▸ THE TASK
Start to finish, the listing must be rewritten exactly.

----

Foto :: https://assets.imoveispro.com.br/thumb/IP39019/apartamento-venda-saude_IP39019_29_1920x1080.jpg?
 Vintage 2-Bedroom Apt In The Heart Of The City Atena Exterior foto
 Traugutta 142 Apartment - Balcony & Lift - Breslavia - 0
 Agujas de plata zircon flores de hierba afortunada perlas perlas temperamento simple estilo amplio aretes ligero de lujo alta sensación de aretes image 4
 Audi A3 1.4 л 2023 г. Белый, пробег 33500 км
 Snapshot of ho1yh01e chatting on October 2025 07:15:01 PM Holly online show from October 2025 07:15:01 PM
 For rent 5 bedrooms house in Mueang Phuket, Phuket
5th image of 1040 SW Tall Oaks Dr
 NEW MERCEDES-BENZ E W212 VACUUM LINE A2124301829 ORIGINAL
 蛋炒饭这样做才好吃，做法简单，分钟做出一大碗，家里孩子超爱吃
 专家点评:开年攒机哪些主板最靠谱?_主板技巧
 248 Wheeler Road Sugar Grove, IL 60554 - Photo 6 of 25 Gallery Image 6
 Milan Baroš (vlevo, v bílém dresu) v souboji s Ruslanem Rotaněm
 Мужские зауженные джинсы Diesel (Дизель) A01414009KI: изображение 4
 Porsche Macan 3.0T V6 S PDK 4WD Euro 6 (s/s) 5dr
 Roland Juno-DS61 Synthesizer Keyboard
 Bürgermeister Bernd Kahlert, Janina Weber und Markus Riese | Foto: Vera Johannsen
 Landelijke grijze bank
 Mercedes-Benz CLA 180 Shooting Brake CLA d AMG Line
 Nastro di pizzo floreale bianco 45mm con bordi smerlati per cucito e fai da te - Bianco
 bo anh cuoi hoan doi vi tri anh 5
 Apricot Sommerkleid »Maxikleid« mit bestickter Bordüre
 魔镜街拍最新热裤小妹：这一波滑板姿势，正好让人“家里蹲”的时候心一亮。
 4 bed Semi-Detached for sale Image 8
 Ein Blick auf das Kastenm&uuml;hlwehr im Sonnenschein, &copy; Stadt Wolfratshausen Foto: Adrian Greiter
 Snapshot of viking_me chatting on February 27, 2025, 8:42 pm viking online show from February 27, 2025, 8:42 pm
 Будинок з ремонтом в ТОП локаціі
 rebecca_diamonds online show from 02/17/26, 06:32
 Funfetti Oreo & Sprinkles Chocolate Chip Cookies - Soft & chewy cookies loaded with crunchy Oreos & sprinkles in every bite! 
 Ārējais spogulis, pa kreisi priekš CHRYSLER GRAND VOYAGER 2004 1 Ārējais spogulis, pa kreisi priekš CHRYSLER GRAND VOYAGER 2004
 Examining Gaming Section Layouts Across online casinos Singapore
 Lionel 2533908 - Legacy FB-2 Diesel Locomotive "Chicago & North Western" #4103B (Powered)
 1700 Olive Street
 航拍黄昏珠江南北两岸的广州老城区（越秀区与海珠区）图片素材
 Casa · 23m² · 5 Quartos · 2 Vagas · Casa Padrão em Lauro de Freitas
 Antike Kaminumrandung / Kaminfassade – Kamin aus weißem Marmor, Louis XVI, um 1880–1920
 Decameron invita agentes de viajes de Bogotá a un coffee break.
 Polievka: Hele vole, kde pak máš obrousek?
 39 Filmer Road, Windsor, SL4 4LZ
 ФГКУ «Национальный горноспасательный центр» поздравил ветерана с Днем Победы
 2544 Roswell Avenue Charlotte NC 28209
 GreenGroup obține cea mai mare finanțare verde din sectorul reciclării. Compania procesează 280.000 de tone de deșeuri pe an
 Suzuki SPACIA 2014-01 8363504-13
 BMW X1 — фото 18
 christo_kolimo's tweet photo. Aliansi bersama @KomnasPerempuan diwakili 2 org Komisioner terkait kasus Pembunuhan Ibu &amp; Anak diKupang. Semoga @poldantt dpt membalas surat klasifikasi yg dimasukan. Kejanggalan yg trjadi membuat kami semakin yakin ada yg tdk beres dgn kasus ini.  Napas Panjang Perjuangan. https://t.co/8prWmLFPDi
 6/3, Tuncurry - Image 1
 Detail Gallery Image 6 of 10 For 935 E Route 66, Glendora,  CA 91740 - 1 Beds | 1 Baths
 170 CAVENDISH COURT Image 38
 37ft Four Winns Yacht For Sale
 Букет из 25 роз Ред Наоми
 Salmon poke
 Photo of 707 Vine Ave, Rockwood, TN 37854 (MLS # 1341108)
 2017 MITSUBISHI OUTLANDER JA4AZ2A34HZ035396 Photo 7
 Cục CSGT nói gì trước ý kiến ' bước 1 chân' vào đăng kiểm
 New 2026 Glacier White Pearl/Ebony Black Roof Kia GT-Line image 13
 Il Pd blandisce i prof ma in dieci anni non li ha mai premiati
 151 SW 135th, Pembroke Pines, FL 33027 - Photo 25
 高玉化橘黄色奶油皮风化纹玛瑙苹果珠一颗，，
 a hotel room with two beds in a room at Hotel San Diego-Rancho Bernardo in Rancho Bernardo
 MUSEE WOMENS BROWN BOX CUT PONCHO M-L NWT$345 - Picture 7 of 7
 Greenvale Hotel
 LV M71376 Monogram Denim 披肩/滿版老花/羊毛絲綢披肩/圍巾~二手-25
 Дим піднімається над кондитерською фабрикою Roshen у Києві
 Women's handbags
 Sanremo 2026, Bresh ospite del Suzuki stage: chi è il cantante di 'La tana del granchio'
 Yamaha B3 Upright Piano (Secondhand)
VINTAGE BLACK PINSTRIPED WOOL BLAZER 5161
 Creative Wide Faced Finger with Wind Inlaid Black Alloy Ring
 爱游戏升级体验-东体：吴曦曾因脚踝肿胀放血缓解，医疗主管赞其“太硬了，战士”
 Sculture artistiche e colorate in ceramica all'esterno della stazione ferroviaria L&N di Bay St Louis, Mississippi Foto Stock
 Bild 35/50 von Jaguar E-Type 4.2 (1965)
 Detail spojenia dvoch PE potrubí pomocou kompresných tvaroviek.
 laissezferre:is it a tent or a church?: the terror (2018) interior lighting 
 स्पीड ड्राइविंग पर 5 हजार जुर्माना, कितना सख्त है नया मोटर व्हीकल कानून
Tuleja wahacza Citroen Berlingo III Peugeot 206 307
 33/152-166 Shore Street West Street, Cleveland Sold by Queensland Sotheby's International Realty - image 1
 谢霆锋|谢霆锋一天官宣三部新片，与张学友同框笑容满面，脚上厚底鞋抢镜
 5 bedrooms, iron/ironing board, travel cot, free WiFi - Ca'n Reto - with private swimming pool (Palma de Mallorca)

----

▸ YOUR RESPONSE
Foto :: https://assets.imoveispro.com.br/thumb/IP39019/apartamento-venda-saude_IP39019_29_1920x1080.jpg?
 Vintage 2-Bedroom Apt In The Heart Of The City Atena Exterior foto
 Traugutta 142 Apartment - Balcony & Lift - Breslavia - 0
 Agujas de plata zircon flores de hierba afortunada perlas perlas temperamento simple estilo amplio aretes ligero de lujo alta sensación de aretes image 4
 Audi A3 1.4 л 2023 г. Белый, пробег 33500 км
 Snapshot of ho1yh01e chatting on October 2025 07:15:01 PM Holly online show from October 2025 07:15:01 PM
 For rent 5 bedrooms house in Mueang Phuket, Phuket
5th image of 1040 SW Tall Oaks Dr
 NEW MERCEDES-BENZ E W212 VACUUM LINE A2124301829 ORIGINAL
 蛋炒饭这样做才好吃，做法简单，分钟做出一大碗，家里孩子超爱吃
 专家点评:开年攒机哪些主板最靠谱?_主板技巧
 248 Wheeler Road Sugar Grove, IL 60554 - Photo 6 of 25 Gallery Image 6
 Milan Baroš (vlevo, v bílém dresu) v souboji s Ruslanem Rotaněm
 Мужские зауженные джинсы Diesel (Дизель) A01414009KI: изображение 4
 Porsche Macan 3.0T V6 S PDK 4WD Euro 6 (s/s) 5dr
 Roland Juno-DS61 Synthesizer Keyboard
 Bürgermeister Bernd Kahlert, Janina Weber und Markus Riese | Foto: Vera Johannsen
 Landelijke grijze bank
 Mercedes-Benz CLA 180 Shooting Brake CLA d AMG Line
 Nastro di pizzo floreale bianco 45mm con bordi smerlati per cucito e fai da te - Bianco
 bo anh cuoi hoan doi vi tri anh 5
 Apricot Sommerkleid »Maxikleid« mit bestickter Bordüre
 魔镜街拍最新热裤小妹：这一波滑板姿势，正好让人“家里蹲”的时候心一亮。
 4 bed Semi-Detached for sale Image 8
 Ein Blick auf das Kastenm&uuml;hlwehr im Sonnenschein, &copy; Stadt Wolfratshausen Foto: Adrian Greiter
 Snapshot of viking_me chatting on February 27, 2025, 8:42 pm viking online show from February 27, 2025, 8:42 pm
 Будинок з ремонтом в ТОП локаціі
 rebecca_diamonds online show from 02/17/26, 06:32
 Funfetti Oreo & Sprinkles Chocolate Chip Cookies - Soft & chewy cookies loaded with crunchy Oreos & sprinkles in every bite! 
 Ārējais spogulis, pa kreisi priekš CHRYSLER GRAND VOYAGER 2004 1 Ārējais spogulis, pa kreisi priekš CHRYSLER GRAND VOYAGER 2004
 Examining Gaming Section Layouts Across online casinos Singapore
 Lionel 2533908 - Legacy FB-2 Diesel Locomotive "Chicago & North Western" #4103B (Powered)
 1700 Olive Street
 航拍黄昏珠江南北两岸的广州老城区（越秀区与海珠区）图片素材
 Casa · 23m² · 5 Quartos · 2 Vagas · Casa Padrão em Lauro de Freitas
 Antike Kaminumrandung / Kaminfassade – Kamin aus weißem Marmor, Louis XVI, um 1880–1920
 Decameron invita agentes de viajes de Bogotá a un coffee break.
 Polievka: Hele vole, kde pak máš obrousek?
 39 Filmer Road, Windsor, SL4 4LZ
 ФГКУ «Национальный горноспасательный центр» поздравил ветерана с Днем Победы
 2544 Roswell Avenue Charlotte NC 28209
 GreenGroup obține cea mai mare finanțare verde din sectorul reciclării. Compania procesează 280.000 de tone de deșeuri pe an
 Suzuki SPACIA 2014-01 8363504-13
 BMW X1 — фото 18
 christo_kolimo's tweet photo. Aliansi bersama @KomnasPerempuan diwakili 2 org Komisioner terkait kasus Pembunuhan Ibu &amp; Anak diKupang. Semoga @poldantt dpt membalas surat klasifikasi yg dimasukan. Kejanggalan yg trjadi membuat kami semakin yakin ada yg tdk beres dgn kasus ini.  Napas Panjang Perjuangan. https://t.co/8prWmLFPDi
 6/3, Tuncurry - Image 1
 Detail Gallery Image 6 of 10 For 935 E Route 66, Glendora,  CA 91740 - 1 Beds | 1 Baths
 170 CAVENDISH COURT Image 38
 37ft Four Winns Yacht For Sale
 Букет из 25 роз Ред Наоми
 Salmon poke
 Photo of 707 Vine Ave, Rockwood, TN 37854 (MLS # 1341108)
 2017 MITSUBISHI OUTLANDER JA4AZ2A34HZ035396 Photo 7
 Cục CSGT nói gì trước ý kiến ' bước 1 chân' vào đăng kiểm
 New 2026 Glacier White Pearl/Ebony Black Roof Kia GT-Line image 13
 Il Pd blandisce i prof ma in dieci anni non li ha mai premiati
 151 SW 135th, Pembroke Pines, FL 33027 - Photo 25
 高玉化橘黄色奶油皮风化纹玛瑙苹果珠一颗，，
 a hotel room with two beds in a room at Hotel San Diego-Rancho Bernardo in Rancho Bernardo
 MUSEE WOMENS BROWN BOX CUT PONCHO M-L NWT$345 - Picture 7 of 7
 Greenvale Hotel
 LV M71376 Monogram Denim 披肩/滿版老花/羊毛絲綢披肩/圍巾~二手-25
 Дим піднімається над кондитерською фабрикою Roshen у Києві
 Women's handbags
 Sanremo 2026, Bresh ospite del Suzuki stage: chi è il cantante di 'La tana del granchio'
 Yamaha B3 Upright Piano (Secondhand)
VINTAGE BLACK PINSTRIPED WOOL BLAZER 5161
 Creative Wide Faced Finger with Wind Inlaid Black Alloy Ring
 爱游戏升级体验-东体：吴曦曾因脚踝肿胀放血缓解，医疗主管赞其“太硬了，战士”
 Sculture artistiche e colorate in ceramica all'esterno della stazione ferroviaria L&N di Bay St Louis, Mississippi Foto Stock
 Bild 35/50 von Jaguar E-Type 4.2 (1965)
 Detail spojenia dvoch PE potrubí pomocou kompresných tvaroviek.
 laissezferre:is it a tent or a church?: the terror (2018) interior lighting 
 स्पीड ड्राइविंग पर 5 हजार जुर्माना, कितना सख्त है नया मोटर व्हीकल कानून
Tuleja wahacza Citroen Berlingo III Peugeot 206 307
 33/152-166 Shore Street West Street, Cleveland Sold by Queensland Sotheby's International Realty - image 1
 谢霆锋|谢霆锋一天官宣三部新片，与张学友同框笑容满面，脚上厚底鞋抢镜
 5 bedrooms, iron/ironing board, travel cot, free WiFi - Ca'n Reto - with private swimming pool (Palma de Mallorca)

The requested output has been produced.